Prof Dr Karsten Hiller was awarded an FNR ATTRACT Fellowship in 2010, with which he brought experimental and computational research in cellular metabolism to Luxembourg. The German national set up the Metabolomics Group at the Luxembourg Centre for Systems Biomedicine (LCSB) at the University of Luxembourg and during the 5 years that followed, the group implemented a high-quality mass spectrometry-based profiling platform and applied their expertise to study metabolism in-depth.
The research conducted by Dr Hiller and his team has led to a metabolomics analysis platform at the LCSB, which includes protocols for sample preparation, in addition to mass spectrometry, computational data processing and storage. All of this established knowledge is now open to the Luxembourgish research environment and will, as Dr Hiller points out, undoubtedly support the NCER (National Centre for Excellence in Research) diagnosis initiative in the future.
Scientific breakthrough ‘made in Luxembourg’

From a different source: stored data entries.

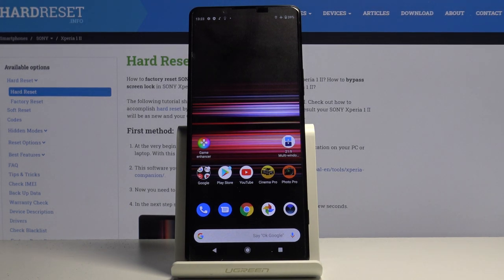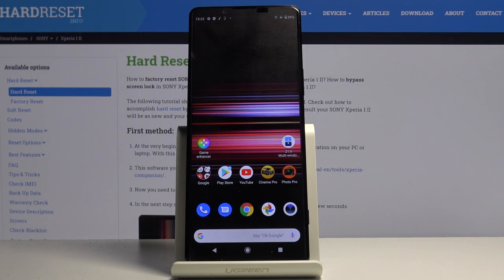In front of me is Sony Xperia 1.2 and let me show you how to clear credentials on the following device.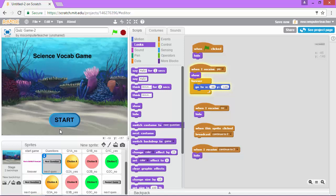In the next video we are going to add a score keeping ability to our game and then we will be done. Thanks for watching.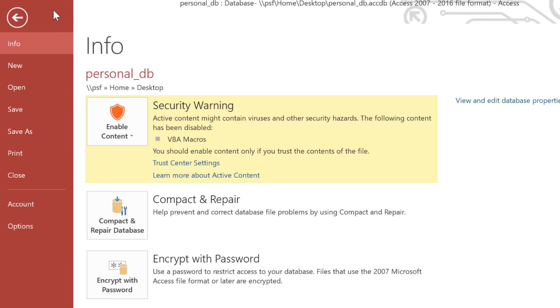In this video, we're going to talk about opening and saving databases and objects. In Access, this works a little bit differently from other programs like Word or Excel, and it's important that you know how it works before you start editing databases.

The biggest achievement of the group during Dr Hiller’s ATTRACT Fellowship was the discovery of the metabolite ‘itaconic acid’ and finding out what role it plays in macrophages, a specific type of immune cells in mammals. This discovery – which Dr Hiller emphasises was very much a discovery ‘made in Luxembourg’ – was published in the prestigious scientific journal PNAS, and could now help other researchers make further discoveries in this domain.

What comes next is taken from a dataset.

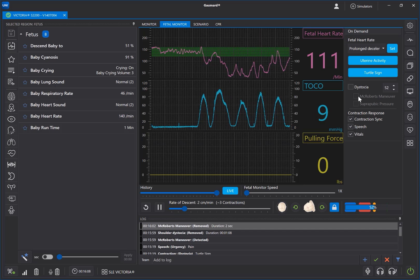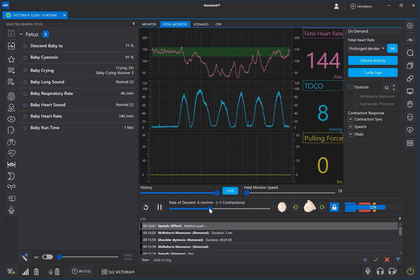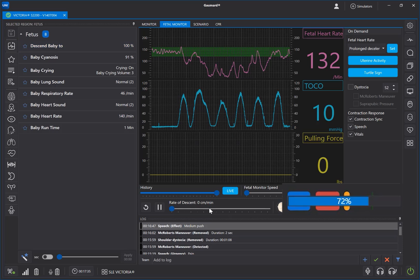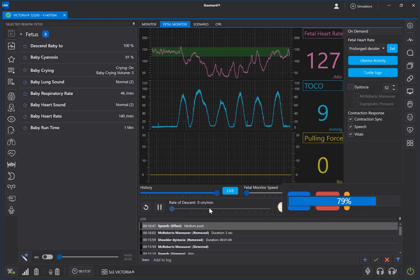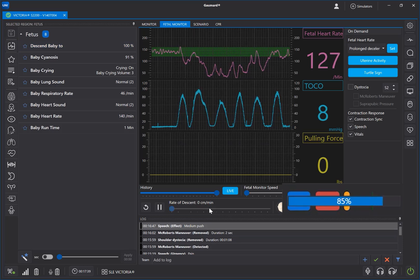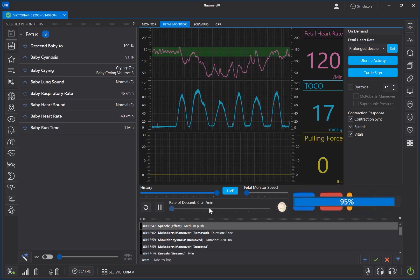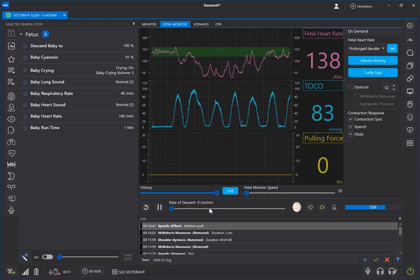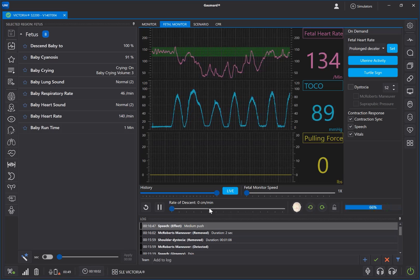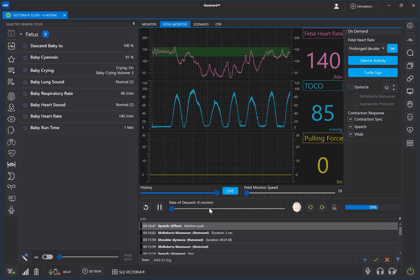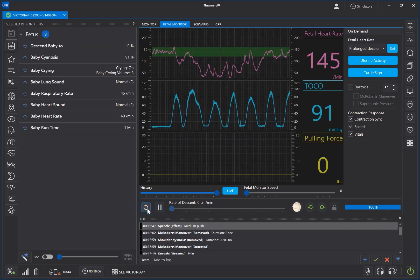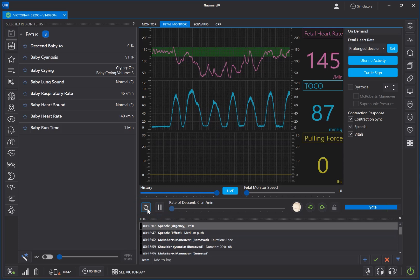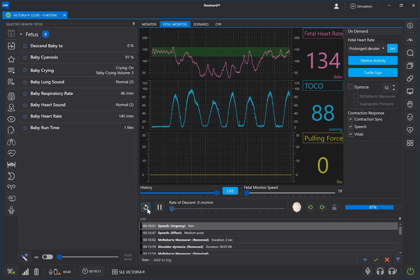If the software is not configured to automatically detect interventions, you can manually resolve the dystocia by removing the check from the box. When the labor progress passes the push-to-end threshold, the labor will progress to the end and the baby will be delivered. After the baby is delivered, press the Reset button to return the motor to the starting position. Then you're ready to connect the baby and start again.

The work published in this journal was also recognised with an FNR Award for ‘Outstanding Scientific Publication’, which Dr Hiller won in 2014, together with fellow researchers with Dr Thekla Cordes and Dr Alessandro Michelucci.
International mobility is a keyword in a researchers career, and brings with it a natural cycle of movement. Once a project is complete, you move on to the next challenge. For Dr Hiller, the next challenge was found in Germany. As his ATTRACT Fellowship came to a conclusion in 2016, Dr Hiller was recruited as the successor of Prof Dr Dietmar Schomburg at the University of Braunschweig, where he has taken on the role as Director of the Department of Bioinformatics and Biochemistry.
New challenge accepted
Dr Hiller praises the ATTRACT programme, and also says it played a big part in helping him secure his new prestigious role in Germany:
“Without any doubt, the ATTRACT fellowship was enabling this big step in my career. Due to all the privileges of an ATTRACT fellow, I could develop into an independent research group leader and qualify for the new position. Very important in this regard was the authorization to teach at the University, to supervise master and PhD candidates and the possibility to apply independently for funding.

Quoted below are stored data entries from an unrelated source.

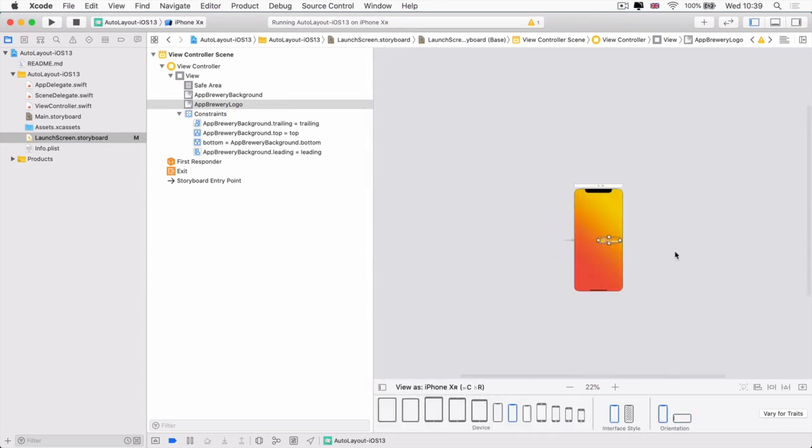The next thing to do is to figure out how we can lay out our logo. And to do that, we need to learn about alignment. And that is what we're going to do on the next lesson. So I'll see you there.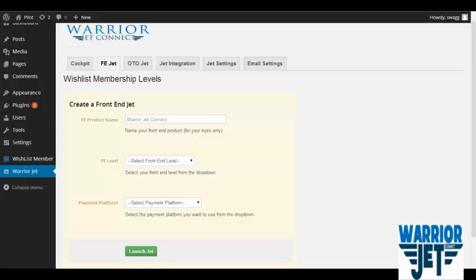You see, I wanted this solution for myself at one point, but there was nothing out there. I searched the internet feverishly looking for a solution to the problem I was having — trying to connect Wishlist Member and WarriorPlus. And guess what? I came up nil. Nada. Zip. Zilch.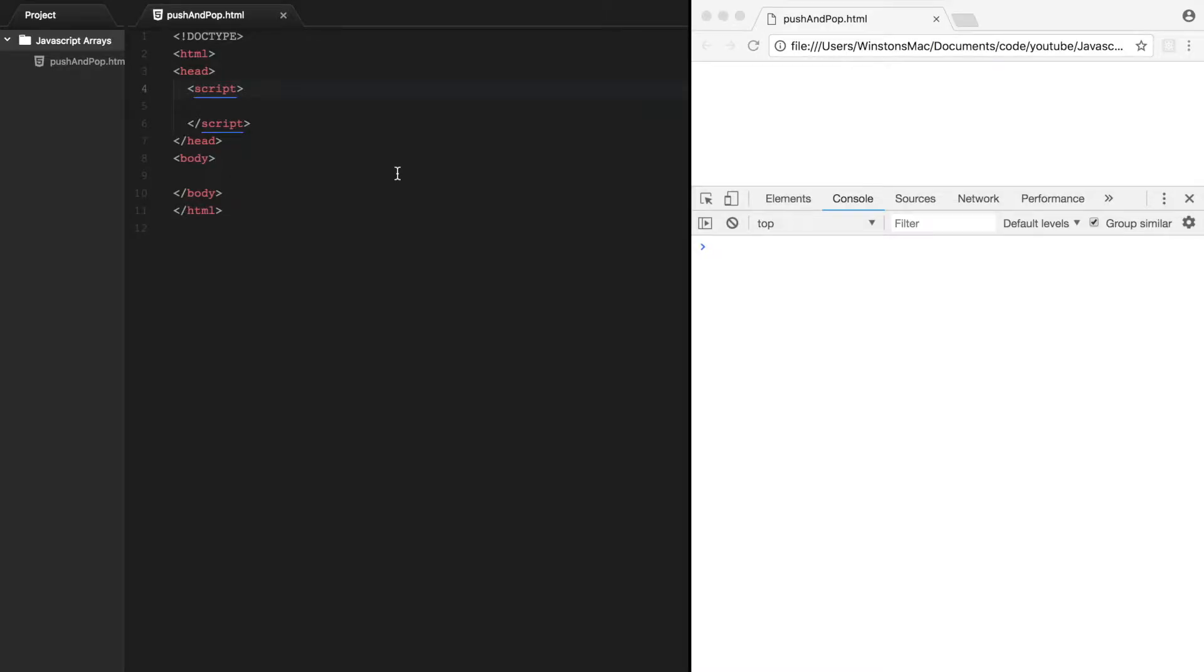Hi everyone and welcome back to the JavaScript array series. In this video we're going to be looking at two different methods, the push and the pop method. So let's get started.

“Besides that, the ATTRACT programme offered me all the resources to purchase the required instrumentation, to hire personnel and gave me a lot of flexibility on how to spend the budget. This always allowed me to quickly react on specific situations.”
Experimental and computational research in cellular metabolism was brought to Luxembourg with the arrival of Prof Dr Hiller, but it has not left with him. Not only will the work accomplished during his fellowship will have a lasting impact on research in the country – Hiller left Luxembourg with a list of Luxembourg collaborations in his pocket, which includes topics such as looking at particular aspects during cancer development, as well as studying the link between melanoma and Parkinson’s disease.
It is safe to say Dr Hiller’s impact on research in Luxembourg is far from over – and that it will continue to grow as the collaborations flourish. Additionally, Dr Hiller has helped further establish Luxembourg’s reputation as a first-class research destination, where scientists can not only benefit from good working conditions, but also make significant contributions to their domains, not only in the Luxembourg context, but also in a global context.